They slip soundlessly through our landscapes, cloaked in a rainbow of colors and patterns that help them become one with bark, rocks, leaves and soil. Often the only sign of their existence is what they leave behind: ghostly shed skins imprinted with shapes of eyes and scales, traces of pigmentation and other clues to hidden lives.

While snakes are some of the shiest creatures to cross our paths, they’re among the most persecuted. Because these reptilian wallflowers are hard to observe, we know little about their natural behaviors—and we fill that knowledge gap with myths steeped in fear and misunderstanding. Chief among them is that snakes are out to devour us.

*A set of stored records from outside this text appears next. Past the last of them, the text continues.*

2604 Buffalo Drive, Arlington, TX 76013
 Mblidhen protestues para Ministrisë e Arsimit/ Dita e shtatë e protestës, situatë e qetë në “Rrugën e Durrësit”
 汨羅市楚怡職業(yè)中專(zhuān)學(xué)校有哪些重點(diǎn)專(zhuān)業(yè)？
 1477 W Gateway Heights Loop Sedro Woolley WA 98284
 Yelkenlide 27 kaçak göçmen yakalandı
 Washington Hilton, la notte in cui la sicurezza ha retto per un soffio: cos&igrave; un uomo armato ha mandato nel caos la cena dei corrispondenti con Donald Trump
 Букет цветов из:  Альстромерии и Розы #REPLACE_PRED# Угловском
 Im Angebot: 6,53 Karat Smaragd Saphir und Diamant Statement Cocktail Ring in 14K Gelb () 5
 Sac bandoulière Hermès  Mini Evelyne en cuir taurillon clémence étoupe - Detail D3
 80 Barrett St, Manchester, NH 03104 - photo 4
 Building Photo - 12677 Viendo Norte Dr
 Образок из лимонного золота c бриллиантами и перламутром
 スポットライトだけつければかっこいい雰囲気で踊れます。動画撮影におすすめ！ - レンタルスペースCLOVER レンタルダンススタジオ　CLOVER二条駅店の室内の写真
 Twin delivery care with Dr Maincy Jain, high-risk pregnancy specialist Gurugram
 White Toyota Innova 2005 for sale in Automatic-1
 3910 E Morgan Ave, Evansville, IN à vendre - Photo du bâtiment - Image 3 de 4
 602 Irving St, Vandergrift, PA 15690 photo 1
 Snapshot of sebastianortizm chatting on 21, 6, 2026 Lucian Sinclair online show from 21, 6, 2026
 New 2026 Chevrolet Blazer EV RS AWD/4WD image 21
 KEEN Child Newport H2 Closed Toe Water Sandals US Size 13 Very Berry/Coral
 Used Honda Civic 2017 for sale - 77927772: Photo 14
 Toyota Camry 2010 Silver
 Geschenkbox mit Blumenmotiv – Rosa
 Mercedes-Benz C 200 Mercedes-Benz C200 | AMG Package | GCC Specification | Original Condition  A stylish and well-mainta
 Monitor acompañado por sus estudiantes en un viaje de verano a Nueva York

Even if that were true, it would be an impossible mission. “They swallow their food whole, and in the United States there are no snakes big enough to eat us,” says Melissa Amarello, executive director of Advocates for Snake Preservation. “They just don’t want to have anything to do with us.”

Lacking limbs, facial expressions and vocalizations, snakes are inscrutable to a species that reads intention into every waving hand, raised eyebrow or—when interacting with nonhuman companions—wagging tail and beseeching meow. But scientists have seen beyond snakes’ scaly exteriors and gained insights into social dynamics, watching them commune with friends, defend young and keep snakelets warm. By recording activity at an Arizona black rattlesnake den, Amarello and her partner even discovered pregnant females helping mothers who’d just given birth. “It’s usually the youngest one who’s getting stuck with the babysitting [duties]. She’s still out basking; she hasn’t given birth yet.”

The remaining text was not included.